A comunidade escolar da Escola Estadual Coronel Juca Pinto, situada no bairro Universitário, na Região da Pampulha, em Belo Horizonte, realizou nesta sexta-feira (28) uma manifestação contra a decisão do Governo de Minas Gerais de encerrar as atividades da unidade. A ação, que contou com a participação de pais, alunos e moradores locais, teve como objetivo expressar o descontentamento diante do fechamento da escola, que será substituída por uma unidade do Colégio Tiradentes, da Polícia Militar de Minas Gerais (PMMG).
A manifestação teve início em frente à própria escola, localizada na Avenida Professor Mário Werneck, e posteriormente seguiu em direção ao Anel Rodoviário, uma das principais vias de acesso à cidade. Durante o protesto, os manifestantes fecharam parcialmente uma das pistas do anel, causando interrupções no trânsito na região. A mobilização ocorreu ao longo da manhã e parte da tarde, buscando chamar a atenção das autoridades para o impacto que o fechamento da escola pode causar à comunidade local.
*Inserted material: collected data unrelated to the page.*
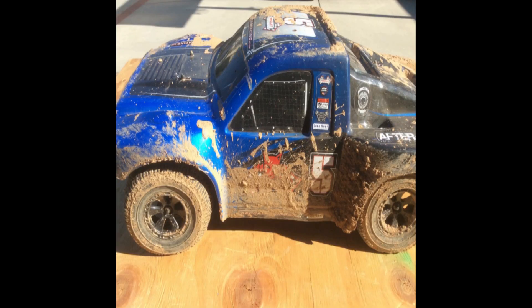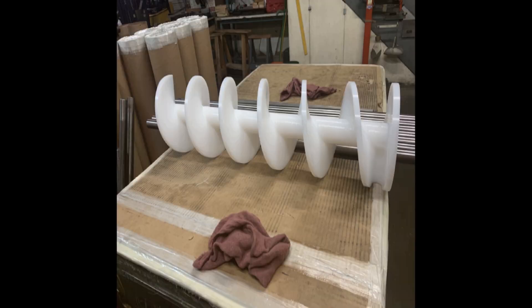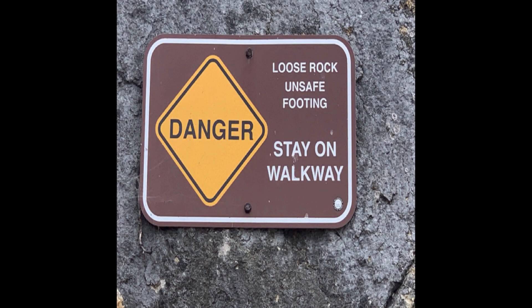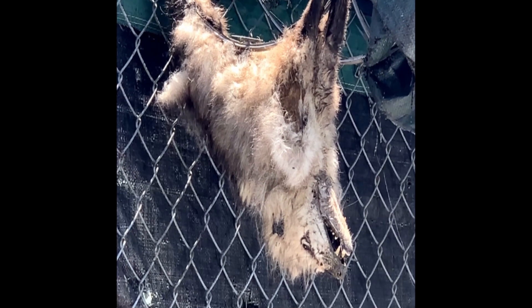All right, let's get some mud on our tires here because we got to make these steel shafts for these augers right here. Now this is dangerous work, so don't play on an electrical fence because you'll end up electrocuted.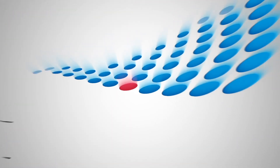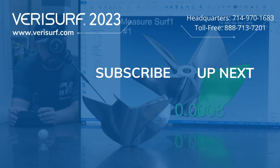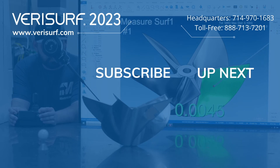To see the difference, schedule a demonstration at VeriServe.com. Continue to watch the VeriServe 2023 feature highlights series and subscribe to our channel to learn more.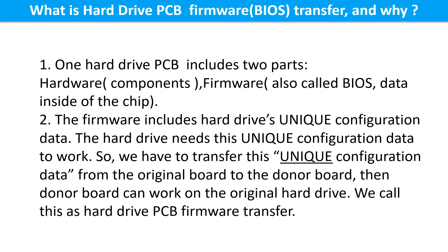What is the hard drive printed circuit board firmware transfer and why? One hard drive printed circuit board includes two parts: hardware and firmware. Hardware means the components and the printed circuit board. Firmware, also called BIOS, is the data inside of the chip. The firmware includes the hard drive's unique configuration data. The hard drive needs this unique configuration data to work. So we have to transfer this unique configuration data from the original board to the donor board. Then the donor board can work on the original hard drive. We call this the hard drive printed circuit board firmware transfer.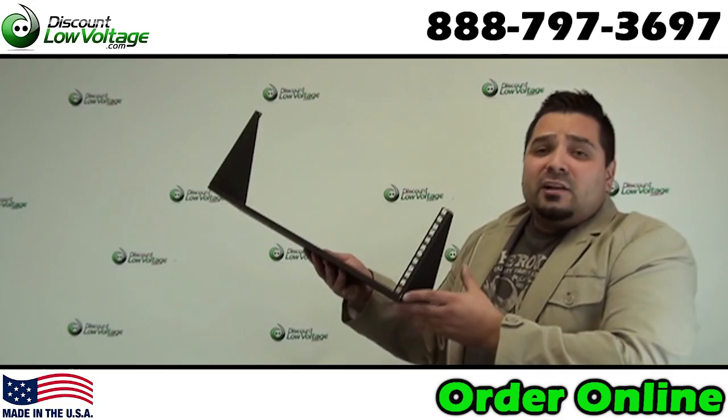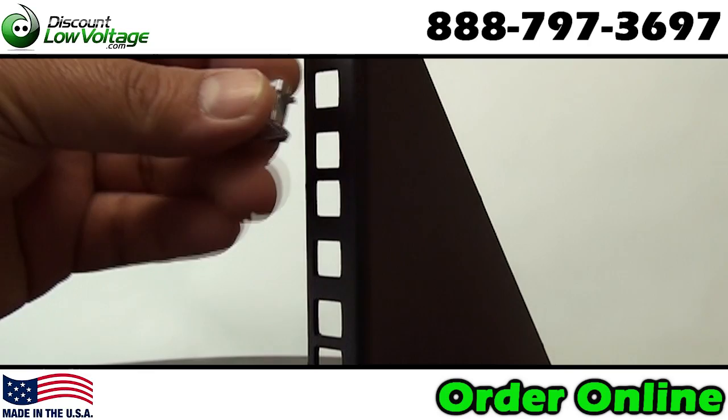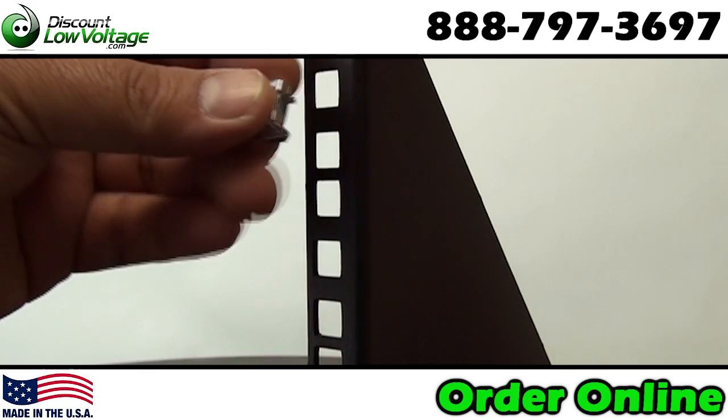This one here is 4U, but it's also available in a 3U, 2U, and 1U. It does have cage nut rails, you do need cage nuts, 150 pound weight rating, made in the USA, and you've got a nice black powder coat finish on this.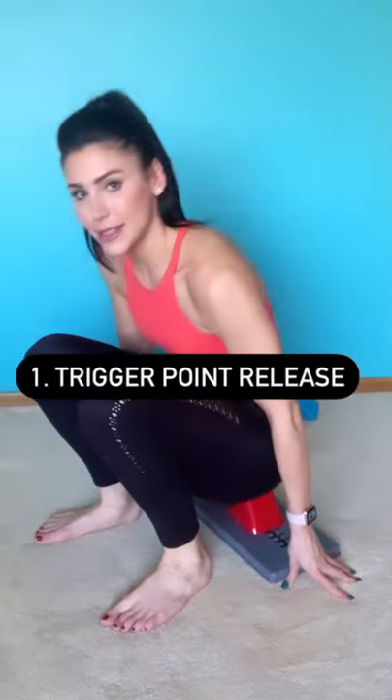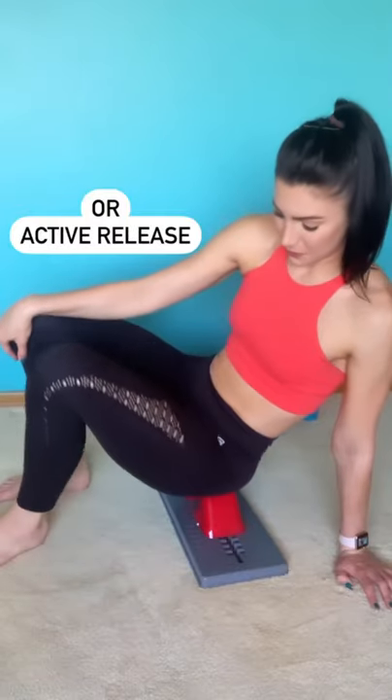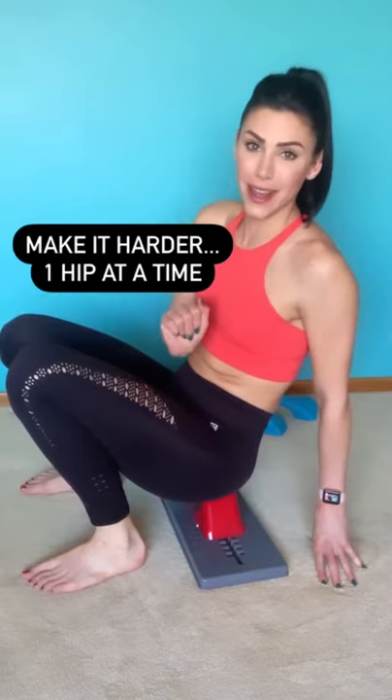Lower and sit on top of the attachments. Now externally rotate. Or my favorite, which is doing one glute at a time.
Segundo Sandra de Oliveira Nogueira, especialista em educação básica e representante da comunidade escolar, a principal preocupação dos moradores é com o destino dos estudantes após o encerramento das atividades na Escola Coronel Juca Pinto. Ela destacou que há uma grande apreensão quanto ao remanejamento dos alunos para outras instituições de ensino, uma vez que a escola atualmente atende a uma demanda significativa na região e possui uma história de mais de décadas de atuação na formação de jovens do bairro Universitário e adjacências. A comunidade teme que a transferência para outras unidades possa prejudicar o acesso à educação de qualidade e aumentar o deslocamento dos estudantes, além de afetar a rotina de famílias que dependem da proximidade da escola.
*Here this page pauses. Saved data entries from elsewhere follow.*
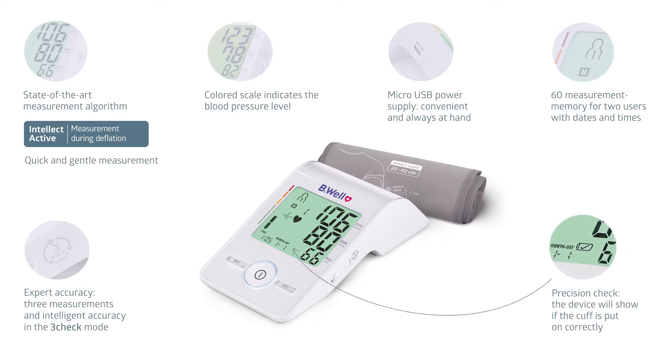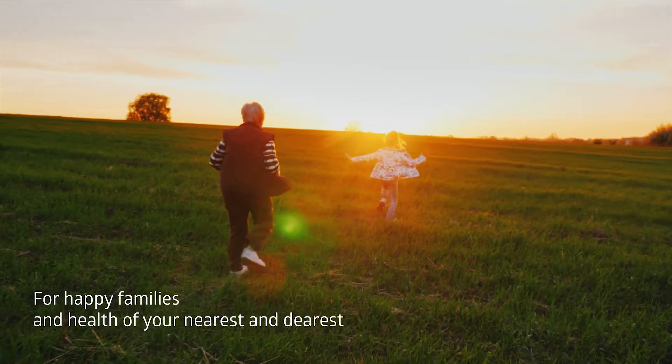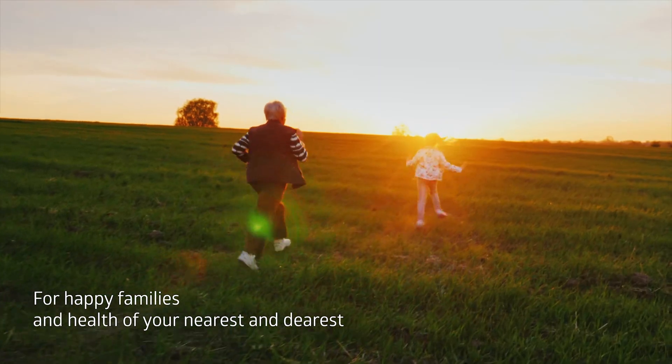To avoid measurement errors, the device will show if the cuff is correctly fixed. The unique Med55 tonometer enables you to control blood pressure with expert precision. Be Well makes taking care of your loved ones' health convenient and easy.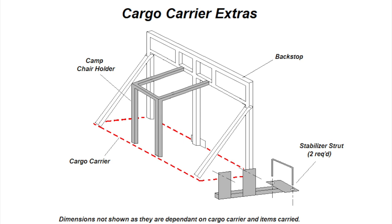In part two of the modification of the RV cargo carrier, we add some extras including a camp chair holder and stabilizer struts. They've designed the backstop system so that you can remove components and add components, and that's the case here with the camp chair holder.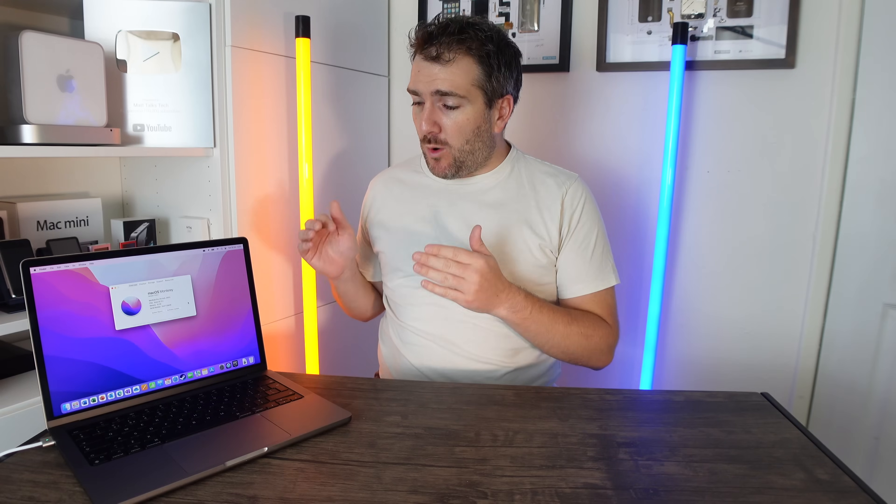We have here a brand new 14-inch MacBook Pro with an M1 Pro chipset inside it. How well does Office 365 or Microsoft Office work on this MacBook Pro? Well, today let's find out.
A decisão do Governo de Minas de transformar a escola em uma unidade do Colégio Tiradentes, da Polícia Militar, foi anunciada oficialmente há algumas semanas, como parte de uma estratégia de expansão do ensino militarizado na rede pública estadual. Contudo, a medida tem gerado controvérsia e resistência por parte da comunidade local, que alega não ter sido consultada previamente. A instalação do colégio da PMMG visa atender a uma demanda por ensino de qualidade e por uma formação cívico-militar, mas também levanta debates sobre o impacto social e pedagógico dessa mudança.
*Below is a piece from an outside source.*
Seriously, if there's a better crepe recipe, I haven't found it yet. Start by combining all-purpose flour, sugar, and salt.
A Secretaria de Educação de Minas Gerais foi procurada pela reportagem da Itatiaia para comentar o protesto e fornecer detalhes adicionais sobre o fechamento da escola e a implementação do colégio da Polícia Militar. Até o momento, a pasta não respondeu oficialmente, mas confirmou que o espaço permanece disponível para esclarecimentos. A comunidade aguarda uma posição oficial do governo e continua mobilizada na tentativa de reverter a decisão ou de garantir que os direitos dos estudantes sejam respeitados durante o processo de transição.
Este episódio reflete uma tensão existente em várias regiões do estado, onde decisões de reorganização escolar têm causado debates sobre o futuro da educação pública e o envolvimento da comunidade nas mudanças que afetam diretamente a vida de estudantes, pais e moradores.